Base BIG-IP Configuration

In this lab, the VE has been configured with the basic system settings and the VLAN/self-IP configurations required for the BIG-IP to communicate and pass traffic on the network. We’ll now need to configure the BIG-IP to listen for traffic and pass it to the back end server.

1. Connect to the Jump Host (credentials are user/user) desktop and launch the Firefox shortcut titled Launch BIG-IP Web UI on the desktop of your lab jump server.

2. The credentials for the BIG-IP are conveniently displayed in the login banner. Just in case: admin / f5agility!

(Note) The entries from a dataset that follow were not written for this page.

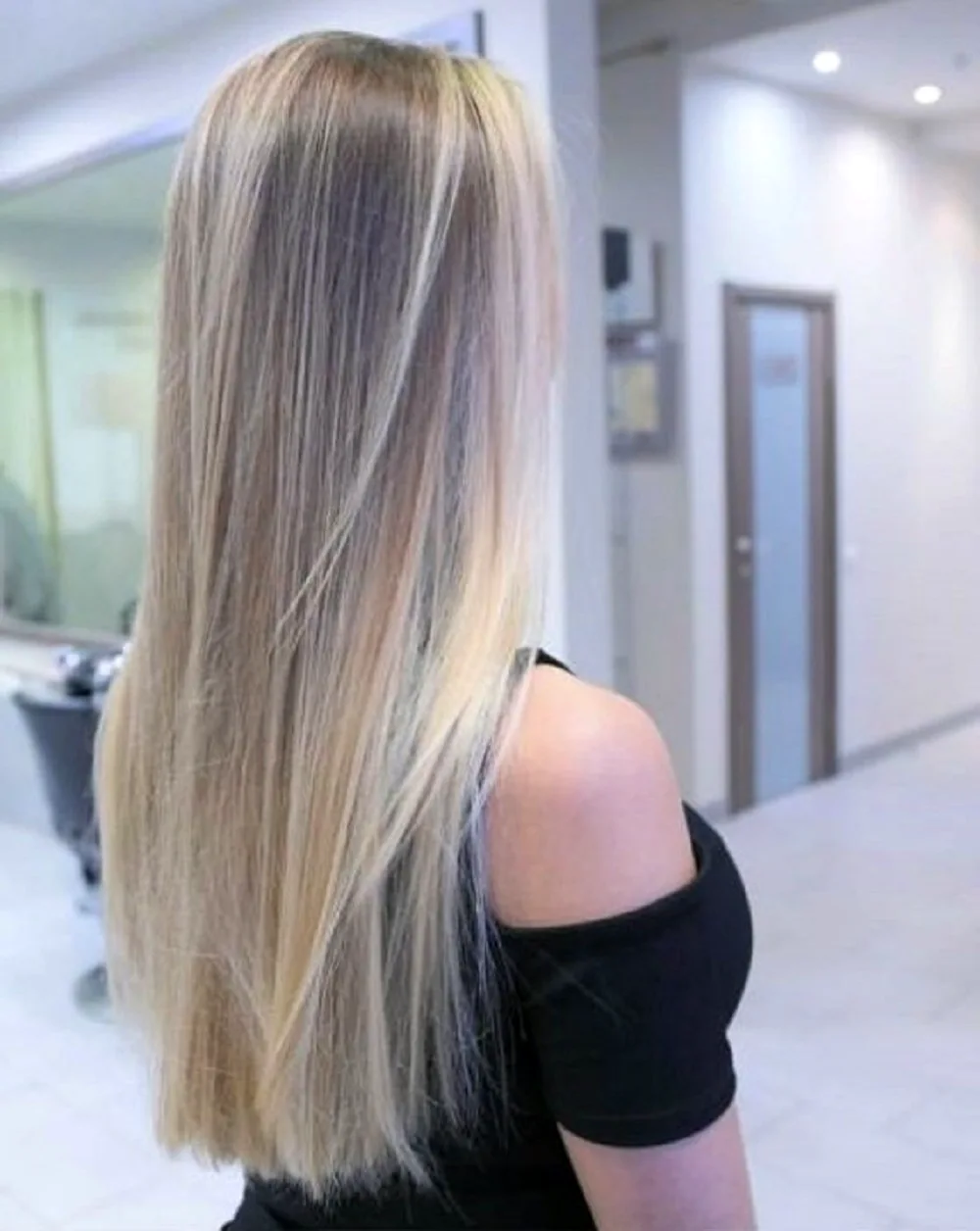 Светлое окрашивание волос на длинные прямые волосы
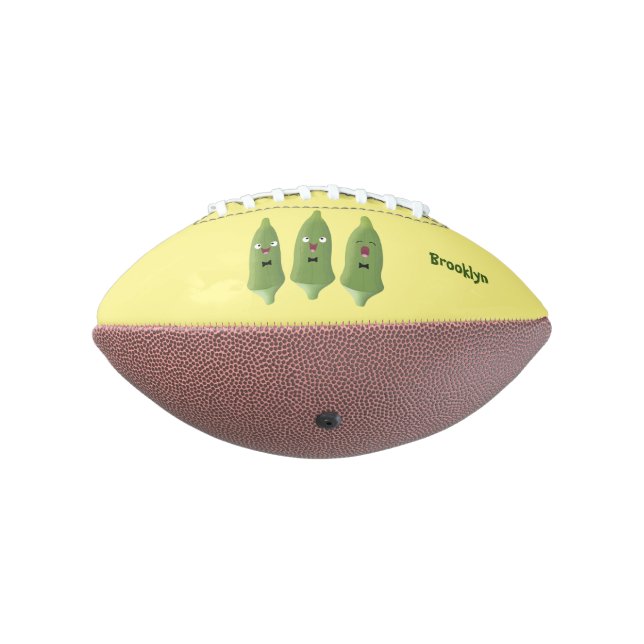 Cute singing okra vegetable cartoon  american football (Rotated 270)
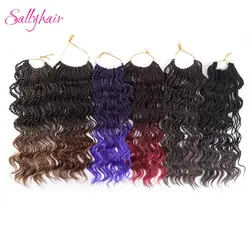 Sallyhair вьющиеся Senegaless твист косы 35 корней/Упаковка 1 упак./лот 14 вязаный крючком Ombre синтетическое плетение волос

3. Navigate to Local Traffic > Nodes and create a new node with the following settings, leaving unspecified fields at their default value:

• Name: lab-server-10.1.20.6
• Address: 10.1.20.6

4. Click Finished to add the new node.

5. Navigate to Local Traffic > Pools and create a new pool with the following settings, leaving unspecified attributes at their default value:

   • Name: lab-server-pool
   • Health Monitors: gateway_icmp
   • New Members: Node List and create a single node with the following settings: - Address: lab-server-10.1.20.6 - Service Port: * (All Ports)

6. Click Add to add the new member to the member list. You will see the new member populate in the node list.

7. Click Finished to create the new pool.

8. Because the attack server will be sending a huge amount of traffic, we’ll need a fairly large SNAT pool. Navigate to Local Traffic > Address Translation > SNAT Pool List and create a new SNAT pool with the following attributes:

   • Name: inside_snat_pool
   • Member List: 10.1.20.125, 10.1.20.126, 10.1.20.127, 10.1.20.128, 10.1.20.129, 10.1.20.130

9. Click Finished to commit your changes.

10. Navigate to Local Traffic > Virtual Servers and create a new virtual server with the following settings, leaving unspecified fields at their default value:

    • Name: udp_dns_VS
    • Destination Address/Mask: 10.1.10.6
    • Service Port: 53
    • Protocol: UDP
    • Source Address Translation: SNAT
    • SNAT Pool: inside_snat_pool
    • Default Pool: lab-server-pool

11. Click Finished.

12. We’ll now test the new DNS virtual server. Minimize Firefox, then SSH into the attack host by clicking the Attack Host (Ubuntu) icon on the jump host desktop.

13. Issue the dig @10.1.10.6 www.example.com +short command on the BASH CLI of the attack host. You should see a response of 10.1.10.5. This verifies that DNS traffic is passing through the BIG-IP.

14. Return to the BIG-IP and navigate to Local Traffic > Virtual Servers and create a new virtual server with the following settings, leaving unspecified fields at their default value:

    • Name: other_protocols_VS
    • Destination Address/Mask: 10.1.10.6
    • Service Port: * (All Ports)
    • Protocol: * All Protocols
    • Any IP Profile: ipother
    • Source Address Translation: SNAT
    • SNAT Pool: inside_snat_pool
    • Default Pool: lab-server-pool

15. Click Finish to create the virtual server.

16. Return to the Attack Host SSH session and attempt to SSH to the server using ssh 10.1.10.6. Simply verify that you are prompted for credentials and press CTRL+C to cancel the session. This verifies that non-DNS traffic is now flowing through the BIG-IP.

Note

At this point, you have a functional DNS server, an attack host with tools needed to simulate DoS/DNS attacks, and a BIG-IP with a base configuration that allows the attack host to reach the victim server.